En fait, le promoteur n’a bâti que 100 appartements, alors qu’il en avait vendu plus de 600.
Face aux réclamations, le promoteur immobilier s'est contenté de leur faire des promesses avant de disparaître dans la nature. Ce qui a poussé les victimes à saisir le parquet de Tanger qui a ordonné l’ouverture de l’enquête et l’arrestation du mis en cause.
La sixième audience de ce procès, qui a eu lieu le 16 décembre dernier, a été reportée au 11 février 2020.
 Le point commun entre ces deux affaires : la publicité mensongère qu’aucune loi ne réprime encore au Maroc.

Les principales dispositions de la loi n° 107-12

-    Modification de la définition de la VEFA comme suit  “toute convention par laquelle le vendeur s’engage à édifier un immeuble dans un délai déterminé et à en transférer la propriété à l’acquéreur en contrepartie d’un prix à payer par ce dernier au fur et à mesure de l’avancement des travaux”   (article 618-1);
-    Institution de la nullité de la VEFA si le contrat n’a pas été conclu conformément aux dispositions de cette loi  (articles 618-2 et 618-3);
-    Obligation de faire légaliser la signature des contrats établis par les avocats, auprès du président du tribunal de première instance du ressort  (art 618-3);
-    Fixation des mentions obligatoires que doit contenir le contrat de VEFA (dont le prix définitif et le délai de livraison)  (art 618-3 bis);
- Interdiction, à peine de nullité, de conclure des contrats d’affectation d’un immeuble en état futur d’achèvement, avant l’obtention de l’autorisation de construire, avec possibilité pour l’acquéreur de  renoncer à l’affectation dans un délai d’un mois et obligation pour le vendeur de lui restituer le montant intégral qu’il lui aurait payé, et ce dans un délai de 7 jours  (article 618-3 bis 3);
- Fixation de la durée de validité du contrat d’affectation à six mois au terme desquels le contrat de VEFA doit être conclu ou la renonciation doit être exercée (art 618-3 bis 3);
-    Versement des montants dus au titre du contrat d’affectation dans un compte bancaire, lesquels montants sont insaisissables ou utilisés par le vendeur jusqu’à l’expiration du délai de renonciation (art 618-3 bis 3)

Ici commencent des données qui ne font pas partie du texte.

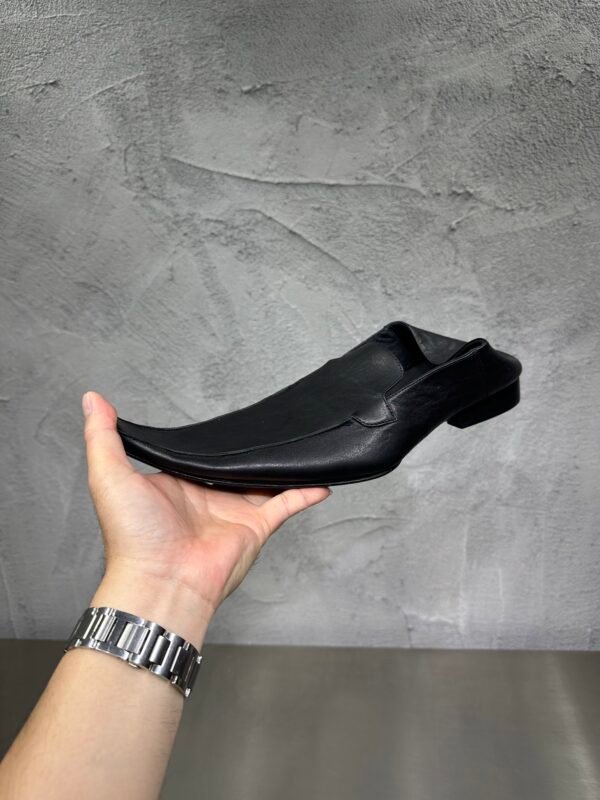 B-Glossy leather loafers-390 - Image 4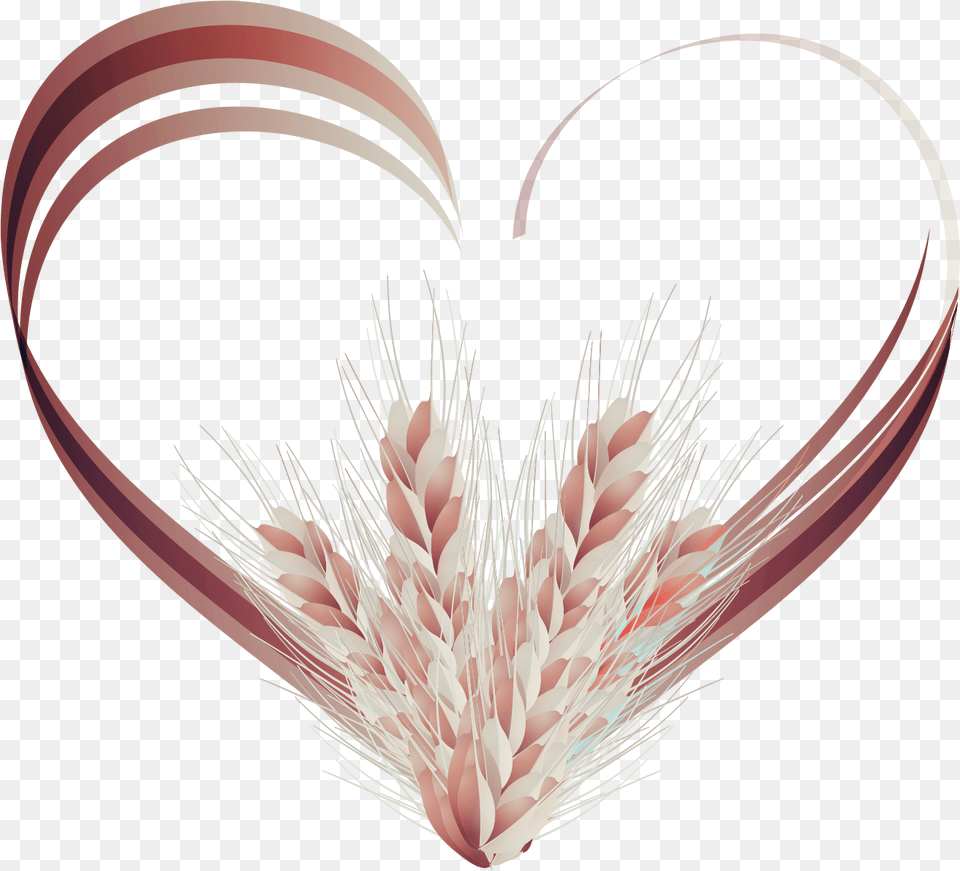 Transparent Wheat Stalk Clipart Love Transparent Background Heart Vector, Art, Graphics, Flower, Pattern Png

- Obligation pour le vendeur d’établir et de délivrer à l’acquéreur un cahier des charges conforme au plan établi par l’ingénieur topographe ; avec obligation de dépôt du cahier des charges  accompagné d’un plan ne variatur, soit auprès de la Conservation foncière lorsqu’il s’agit d’immeubles immatriculés, soit auprès du tribunal de première instance lorsque l’immeuble n’est pas immatriculé (art 613-4);
-    Interdiction de conclusion d’un contrat de VEFA avant l’obtention de l’autorisation de construire (art  618-5) ;
-    Fixation des pourcentages des montants à payer par l’acquéreur en fonction de l’avancement des travaux  (art 618-6);
-    Possibilité pour le vendeur de bénéficier d’un délai supplémentaire pour l’achèvement des travaux fixé à six mois, sous réserve d’en informer l’acquéreur (art 618-7) ;
-    Nullité de tout versement effectué avant la conclusion du contrat de VEFA ou du contrat d’affectation  (art 618-8);
-    Fixation des cas où le vendeur est libéré de sa caution vis-à-vis de l’acquéreur (art 618-9) ;
-    Possibilité pour l’acquéreur de faire inscrire une pré notation si les versements qu’il a effectués dépassent les 50% du prix de l’acquisition  (art 618-10);
-    Possibilité pour l’acquéreur de céder ses droits à une autre personne, sous réserve d’en informer le vendeur  (art 618-13) ;
-    Institution d’un droit aux dommages-intérêts en cas de résiliation par l’une des parties, qui varient entre 15 et 20% des montants versés, avec fixation de ces dommages-intérêts à 20 % au profit de l’acquéreur si la résiliation est due au dépassement par le vendeur du délai de livraison  (art  618-14);
-    Soumission de la conclusion du contrat définitif à l’obtention du permis d’habiter ou du certificat de conformité et préparation des titres fonciers et paiement du reliquat du prix (art 618-15 et art 618-16);
-    Sanctions en cas de refus par l’une des parties de conclure le contrat définitif (art 618-18).